## [WHAT IS BEING ASKED]
Each entry should be given again exactly, with any image left out.

## [EXERCISE DATA]
====================

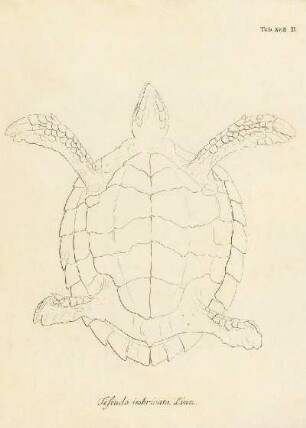 Tab XVIII. B. Testudo imbricata Linn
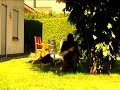 GSG0 - Hindernisse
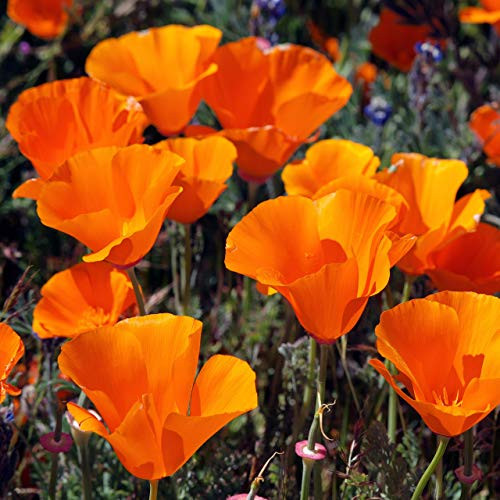 Outsidepride California Poppy Flower Seed  14 LB
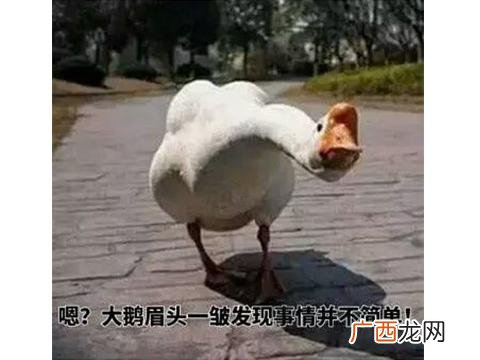 在线3d动物模拟内购破解版,野生动物模拟器无限金币钻石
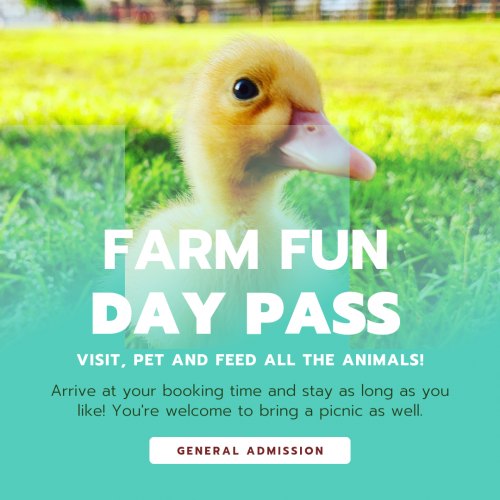 Farm Day Pass at ROSE Therapeutic Farm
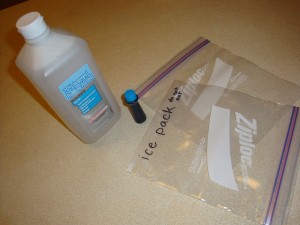 rubbing alcohol, food coloring, 2 quart size ziploc bags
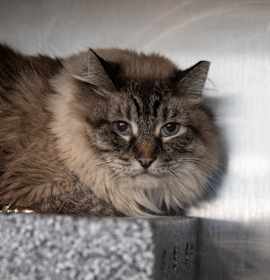 Photo of Lord Harrington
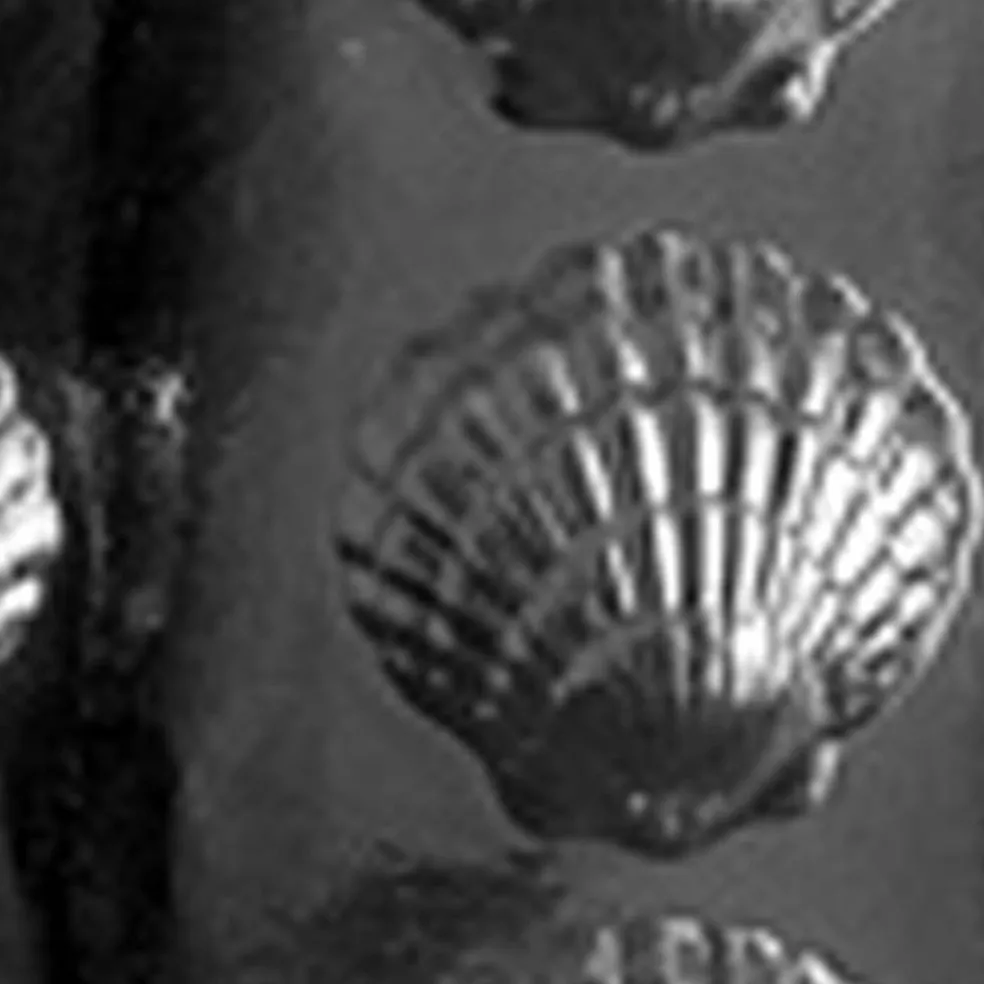 Fancy Shells Chocolate Mold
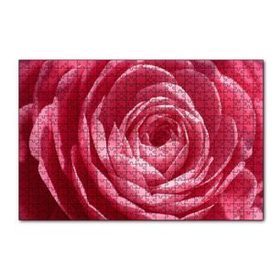 Cakapuzzle Pembe Gül Makro 120 Parça Ahşap Puzzle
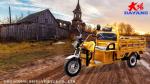 Electric Cargo Transportation Yellow Electric Tricycles DY-160-1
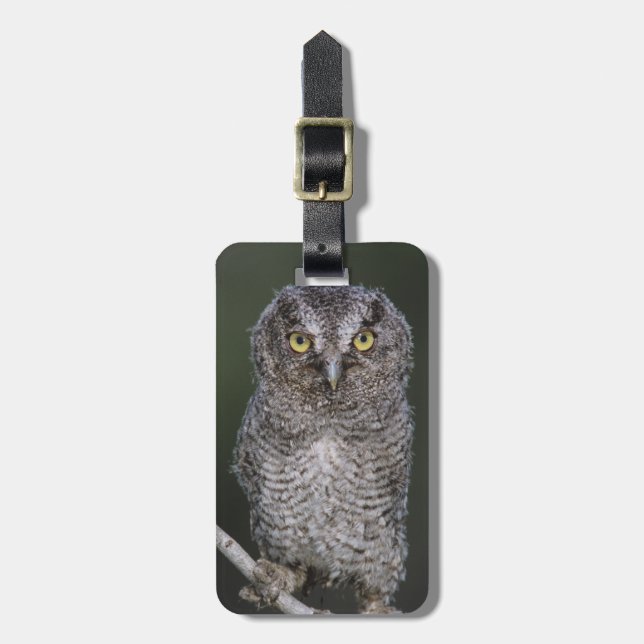 Östlig skrikuv, Megascops asio, Otus 2 Bagagebricka (Vertikal Framsida)
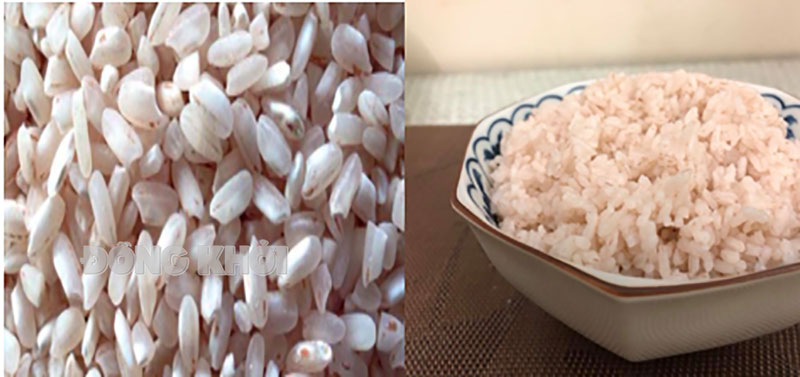 Gạo và cơm nấu từ gạo Thạnh Phú.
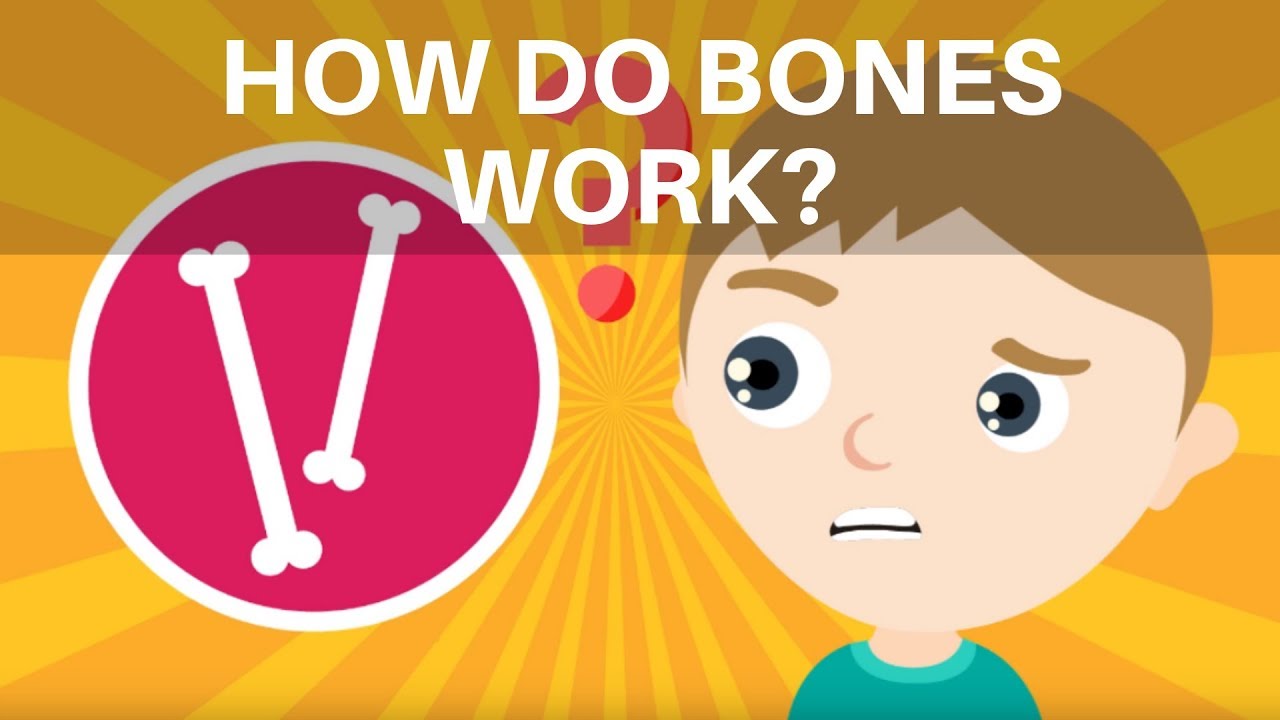 How Do Bones Work? Human Skeleton Facts for Kids - What is the Skeleton? - Skeleton Facts for Kids
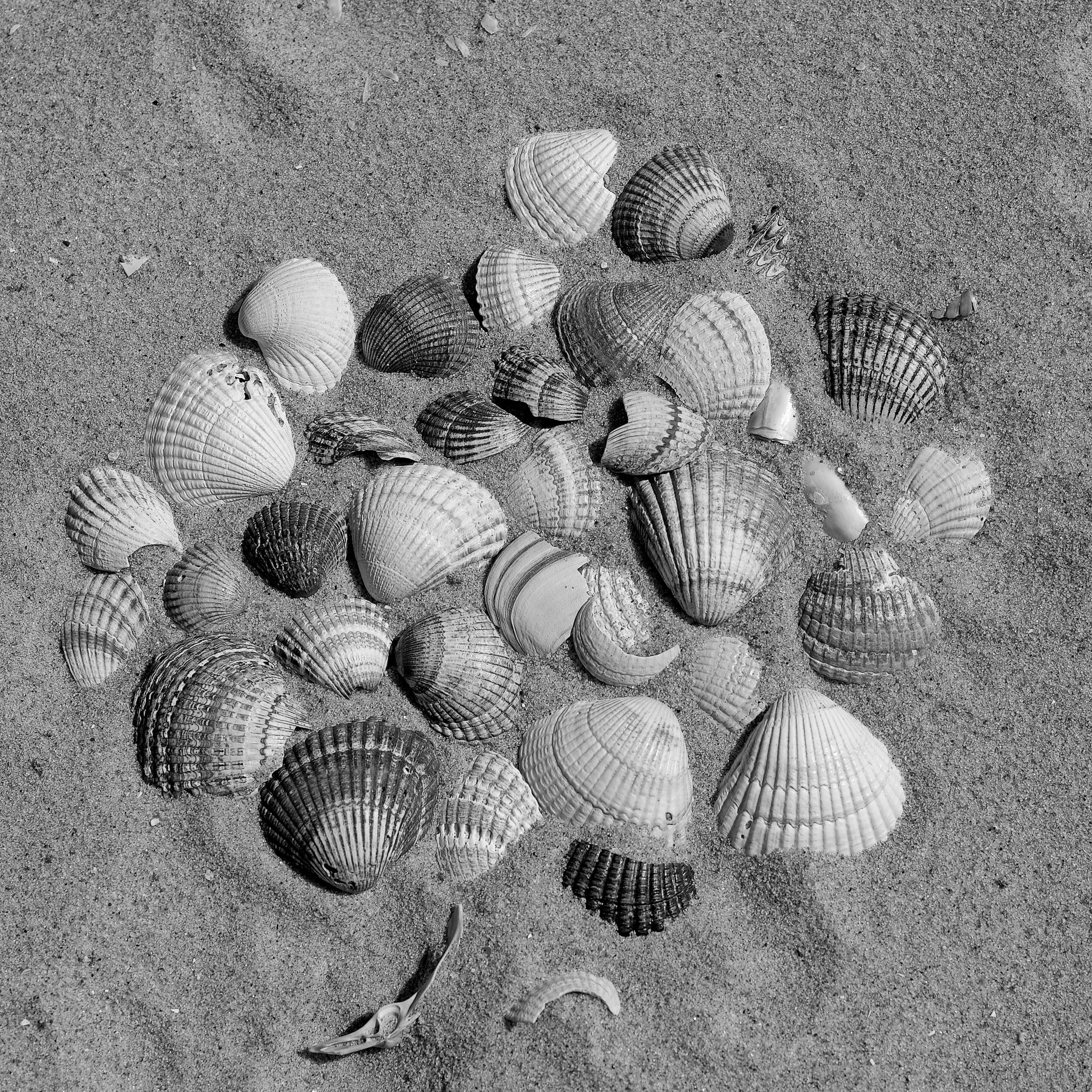 Nikon D800 + AF Nikkor 50mm f/1.8 sample photo. The shell game photography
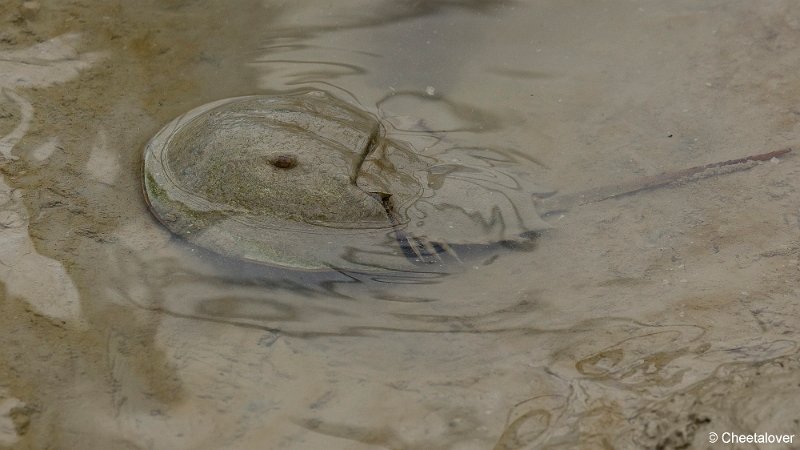 _DSC0040.JPG - Atlantische Degenkrab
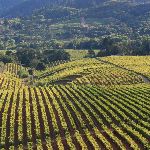vineyards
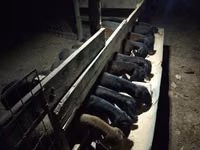 Owce (partia, płeć nieokreślona), Hissar sheep — zdjęcie 4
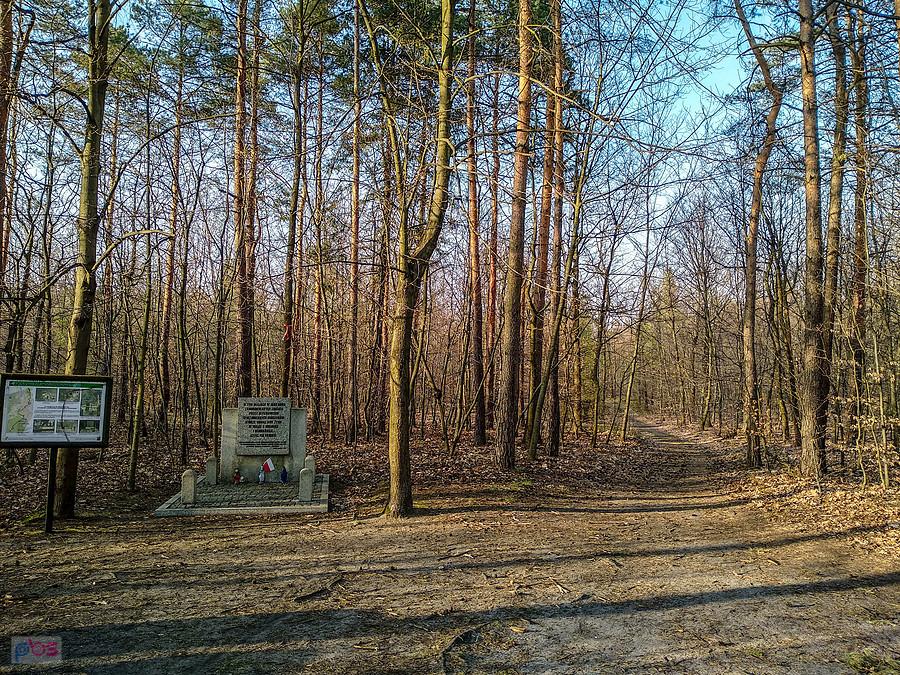 Jeden z pomników obrońców Wieży Spadochronowej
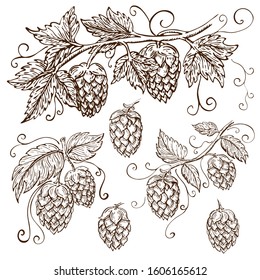 hand drawn hops collection isolated on white. vector hop illustration with leaves, branches and cones in engraving vintage style with curly tendrils. great for packing, beer label design, pub emblem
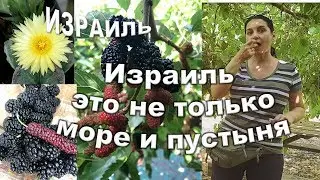 🏠ИЗРАИЛЬ🏠 ПОЧЕМУ ЖИВЁМ КАК В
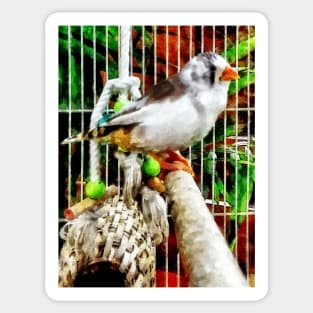 Birds - Zebra Finch Sticker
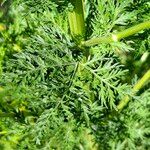 Artemisia annua Blatt
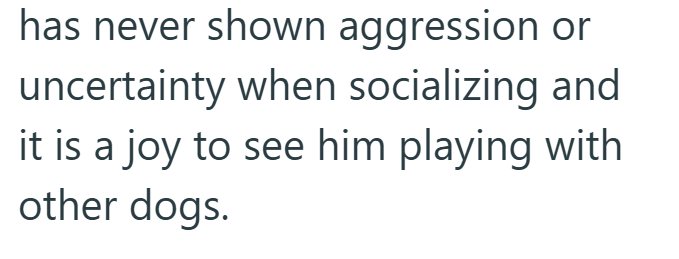 has never shown aggression or uncertainty when socializing and it is a joy to see him playing with other dogs.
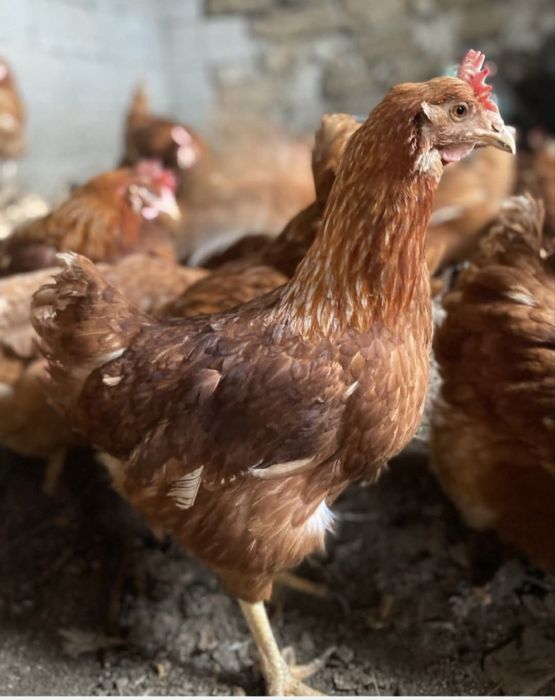 Vand gaini rosii ouatoare bune pentru productia de oua dar si pentru c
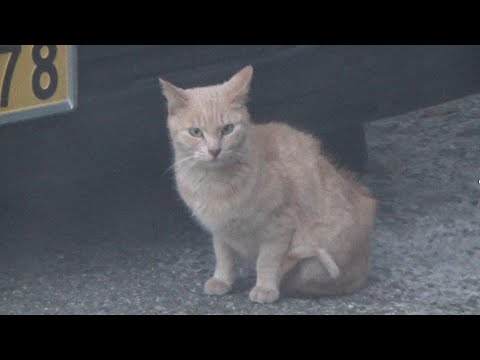 何かに怯えながらも待ってくれてる猫(YouTube)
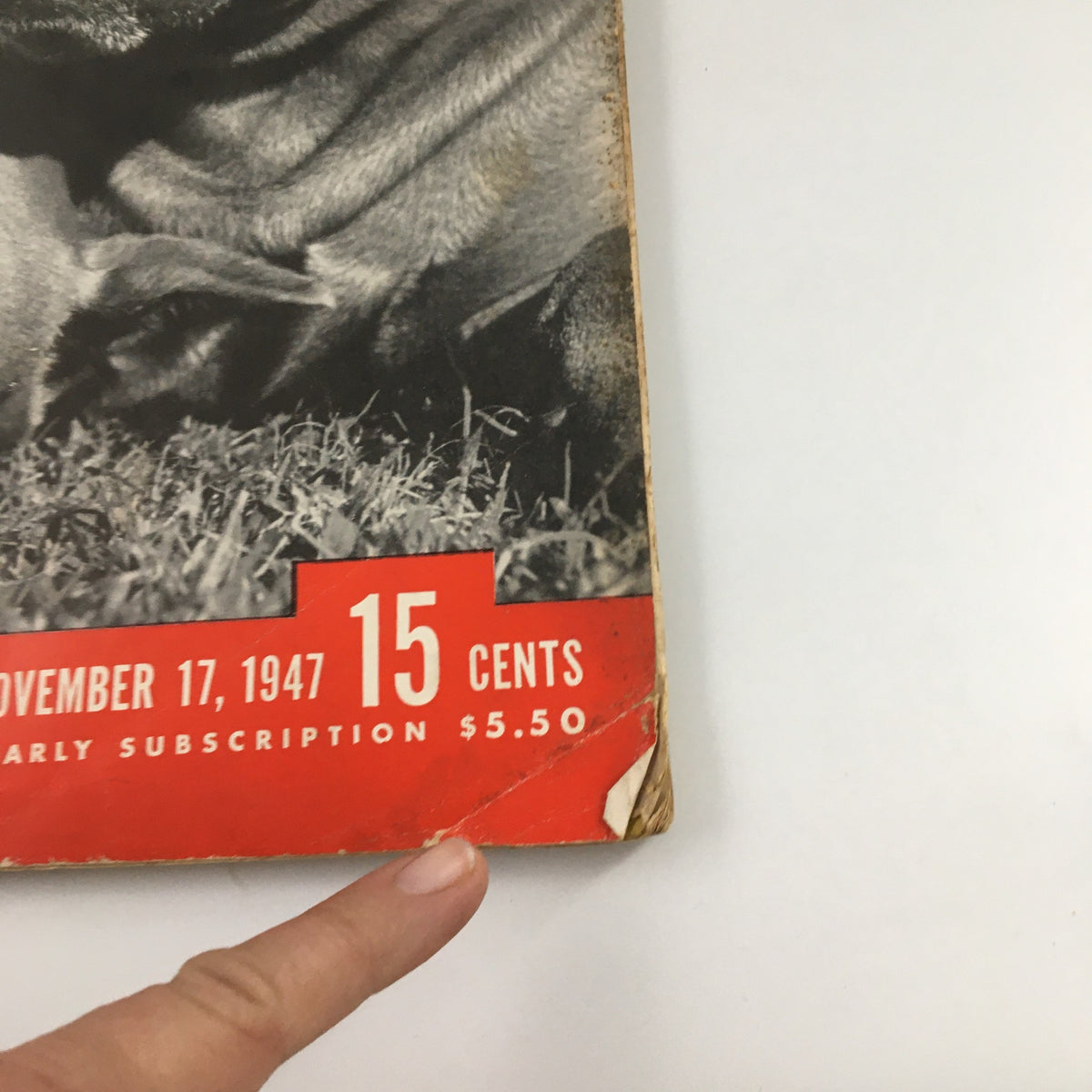 Bottom portion of VTG Life Magazine November 17, 1947, displaying the publication date and price with a close-up of Boxer dogs.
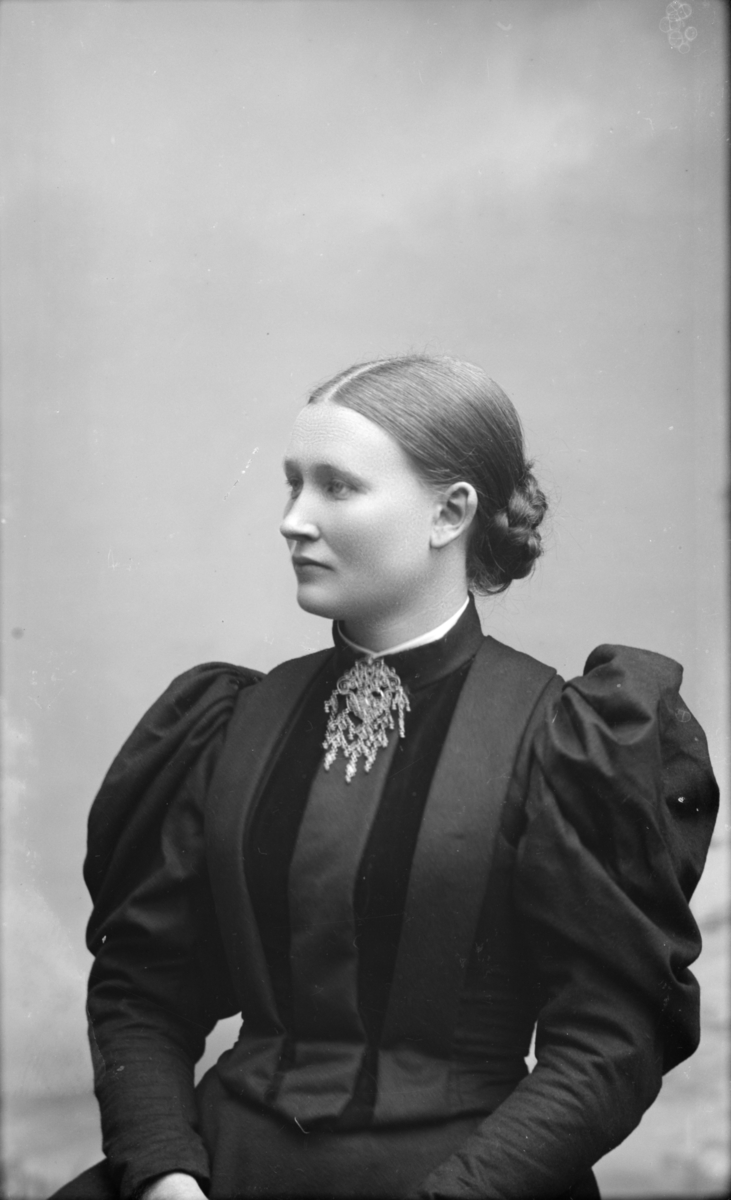 Portrett av yngre kvinne i flott kjole med puffermer og sølje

====================

## [EXERCISE RESULT]
 Tab XVIII. B. Testudo imbricata Linn
 GSG0 - Hindernisse
 Outsidepride California Poppy Flower Seed  14 LB
 在线3d动物模拟内购破解版,野生动物模拟器无限金币钻石
 Farm Day Pass at ROSE Therapeutic Farm
 rubbing alcohol, food coloring, 2 quart size ziploc bags
 Photo of Lord Harrington
 Fancy Shells Chocolate Mold
 Cakapuzzle Pembe Gül Makro 120 Parça Ahşap Puzzle
 Electric Cargo Transportation Yellow Electric Tricycles DY-160-1
 Östlig skrikuv, Megascops asio, Otus 2 Bagagebricka (Vertikal Framsida)
 Gạo và cơm nấu từ gạo Thạnh Phú.
 How Do Bones Work? Human Skeleton Facts for Kids - What is the Skeleton? - Skeleton Facts for Kids
 Nikon D800 + AF Nikkor 50mm f/1.8 sample photo. The shell game photography
 _DSC0040.JPG - Atlantische Degenkrab
vineyards
 Owce (partia, płeć nieokreślona), Hissar sheep — zdjęcie 4
 Jeden z pomników obrońców Wieży Spadochronowej
 hand drawn hops collection isolated on white. vector hop illustration with leaves, branches and cones in engraving vintage style with curly tendrils. great for packing, beer label design, pub emblem
 🏠ИЗРАИЛЬ🏠 ПОЧЕМУ ЖИВЁМ КАК В
 Birds - Zebra Finch Sticker
 Artemisia annua Blatt
 has never shown aggression or uncertainty when socializing and it is a joy to see him playing with other dogs.
 Vand gaini rosii ouatoare bune pentru productia de oua dar si pentru c
 何かに怯えながらも待ってくれてる猫(YouTube)
 Bottom portion of VTG Life Magazine November 17, 1947, displaying the publication date and price with a close-up of Boxer dogs.
 Portrett av yngre kvinne i flott kjole med puffermer og sølje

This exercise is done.